August 1, 2014

MySQL Prepared Statements

If you care about archiving best performance in your application using MySQL you should learn about prepared statements. These do not neccesary provide performance beneft but they may, they also have other benefits.

As a quick introduction – before MySQL 4.1 there were only textual statements and textual protocol for data transfer – query was sent as text and result returned back as text. For example number 123 would be sent as string “123″. Such protocol had serious performance implication – queries had to be parsed fully each time, all return values had to be converted to the strings on server side and back on the client side, which is pretty expensive especially for certain data types. Furthermore BLOBs require escaping as not all characters could be used in textual protocol, which not only consumed time but also required extra memory consumption both on server and client.

So in MySQL 4.1 Prepared statement came. Do not mix these native Server Side Prepared Statements with emulated prepared statements which JDBC, ODBC and some other drivers had forever. Now query passed to the server contained placeholders for parameters, for example “select name from user where id=?” and executing query with different parameters did not require passing full query to the server and full parsing. (Note: Optimization phase currently remains). Not only this is faster if you execute statement serveral times but also it is more secure – it saves you from many variants of “SQL Injection” – passing malformed data so query changes it meaning.

You also can bind direct variables to return columns – which means not only data does not need to be converted back and forth but you also save extra data copying from row structure to your variables.

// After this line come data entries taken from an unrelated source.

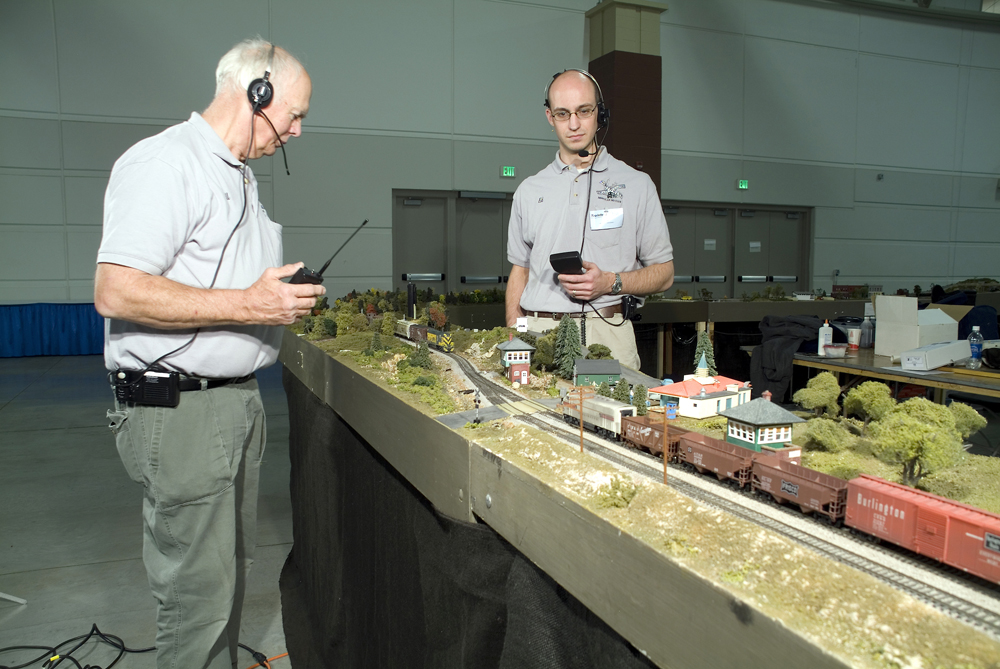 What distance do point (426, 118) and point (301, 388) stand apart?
32.1ft

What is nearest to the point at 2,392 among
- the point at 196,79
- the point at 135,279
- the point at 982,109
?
the point at 196,79

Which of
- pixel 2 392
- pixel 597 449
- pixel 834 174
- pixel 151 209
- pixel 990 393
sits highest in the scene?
pixel 834 174

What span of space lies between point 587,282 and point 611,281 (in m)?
0.22

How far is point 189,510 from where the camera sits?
2232mm

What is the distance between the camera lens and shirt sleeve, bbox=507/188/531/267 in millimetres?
3741

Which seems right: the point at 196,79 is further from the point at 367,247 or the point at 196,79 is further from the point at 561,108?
the point at 561,108

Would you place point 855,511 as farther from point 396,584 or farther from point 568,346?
point 396,584

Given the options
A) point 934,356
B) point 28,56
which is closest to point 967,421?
point 934,356

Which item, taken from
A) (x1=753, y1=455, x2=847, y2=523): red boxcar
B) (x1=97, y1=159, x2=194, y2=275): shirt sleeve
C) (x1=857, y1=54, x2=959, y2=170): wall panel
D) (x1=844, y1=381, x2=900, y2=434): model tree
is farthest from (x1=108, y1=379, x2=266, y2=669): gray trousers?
(x1=857, y1=54, x2=959, y2=170): wall panel

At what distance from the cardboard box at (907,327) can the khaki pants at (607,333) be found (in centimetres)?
337

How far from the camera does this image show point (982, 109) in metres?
16.7

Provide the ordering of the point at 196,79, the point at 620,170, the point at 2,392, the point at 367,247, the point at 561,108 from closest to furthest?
the point at 561,108 < the point at 620,170 < the point at 2,392 < the point at 196,79 < the point at 367,247

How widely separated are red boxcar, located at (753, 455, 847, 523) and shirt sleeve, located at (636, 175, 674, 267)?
2.26m

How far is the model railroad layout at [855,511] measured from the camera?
1.04 metres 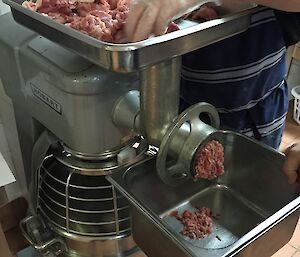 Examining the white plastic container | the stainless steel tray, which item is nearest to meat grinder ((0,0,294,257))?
the stainless steel tray

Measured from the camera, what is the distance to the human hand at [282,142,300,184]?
710 millimetres

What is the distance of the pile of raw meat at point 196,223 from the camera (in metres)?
0.84

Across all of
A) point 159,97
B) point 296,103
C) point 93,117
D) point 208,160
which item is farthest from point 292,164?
point 296,103

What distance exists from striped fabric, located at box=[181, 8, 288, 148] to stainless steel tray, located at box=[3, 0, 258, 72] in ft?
0.62

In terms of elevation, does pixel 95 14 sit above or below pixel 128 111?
above

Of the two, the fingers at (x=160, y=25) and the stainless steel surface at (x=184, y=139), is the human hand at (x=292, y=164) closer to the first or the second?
the stainless steel surface at (x=184, y=139)

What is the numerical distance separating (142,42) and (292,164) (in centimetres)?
37

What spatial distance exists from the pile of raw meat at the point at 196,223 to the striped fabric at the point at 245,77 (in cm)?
21

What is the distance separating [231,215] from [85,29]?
1.66 ft

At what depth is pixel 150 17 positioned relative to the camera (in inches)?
21.8

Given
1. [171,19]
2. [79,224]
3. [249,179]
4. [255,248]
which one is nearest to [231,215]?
[249,179]

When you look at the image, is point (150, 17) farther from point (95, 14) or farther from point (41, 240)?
point (41, 240)

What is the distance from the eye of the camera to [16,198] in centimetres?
140

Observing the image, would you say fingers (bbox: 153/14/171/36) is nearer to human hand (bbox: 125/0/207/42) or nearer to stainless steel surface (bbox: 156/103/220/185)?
human hand (bbox: 125/0/207/42) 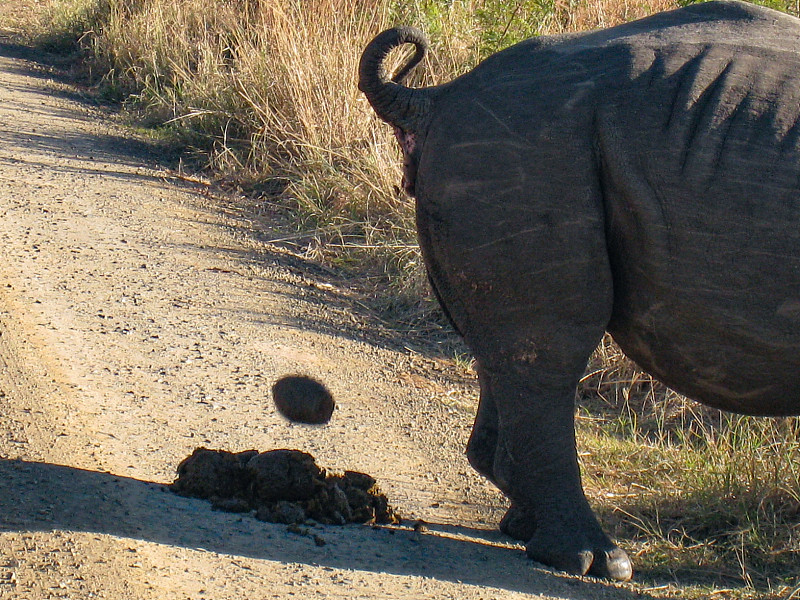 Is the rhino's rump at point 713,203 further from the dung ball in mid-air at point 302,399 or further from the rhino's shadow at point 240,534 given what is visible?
the dung ball in mid-air at point 302,399

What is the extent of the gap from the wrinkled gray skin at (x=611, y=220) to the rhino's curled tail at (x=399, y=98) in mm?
13

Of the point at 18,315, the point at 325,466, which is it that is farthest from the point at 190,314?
the point at 325,466

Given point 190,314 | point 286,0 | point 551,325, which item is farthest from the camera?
point 286,0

So how much extra performance can you get by using prepared statements ? Results can vary. In certain cases I’ve seen 5x+ performance improvements when really large amounts of data needed to be retrieved from localhost – data conversion can really take most of the time in this case. It could also reduce performance in certain cases because if you execute query only once extra round trip to the server will be required, or because query cache does not work.

I’ve done a simple benchmark (using SysBench) to see performance of simple query (single row point select) using standard statement, prepared statement and have it served from query cache. Prepared statements give 2290 queries/sec which is significantly better than 2000 with standard statements but it is still well below 4470 queries/sec when results are served from query cache.

So there are good reasons to use prepared statements:

  1. Save on query parsing
  2. Save on data conversion and copying
  3. Avoid SQL Injection
  4. Save memory on handling blobs

There are also drawbacks and chewats of using prepared statements:

  1. Query cache does not work
  2. Extra server round trip required if statement used only once
  3. Not all statements can be prepared. So you can’t use prepared API exclusively you’ll need to fall back to normal API for some statements
  4. Newer and sometimes buggy code. I had a lot of problems with PHP prepared statements. It is getting better but still it is less mature than standard API
  5. You can’t use placeholders in place of all identifiers. For example you can’t use them for table name. In certain version it even does not work for LIMIT boundaries
  6. Inconvenient list handling. Unlike in for example PEAR emulated prepard statements there is no nice way to pass list of values to IN
  7. Harder tracing. Logs were now fixed to include full statement text not only “Execute” but in SHOW INNODB STATUS you would still see statements without actual values – quite inonvenient for analyses.

Few notes:

There is no statement cache – You can allocate multiple copies of same prepared statement and they will each use separate structures on the server. It does not matter if you do it from same connection or multiple connections.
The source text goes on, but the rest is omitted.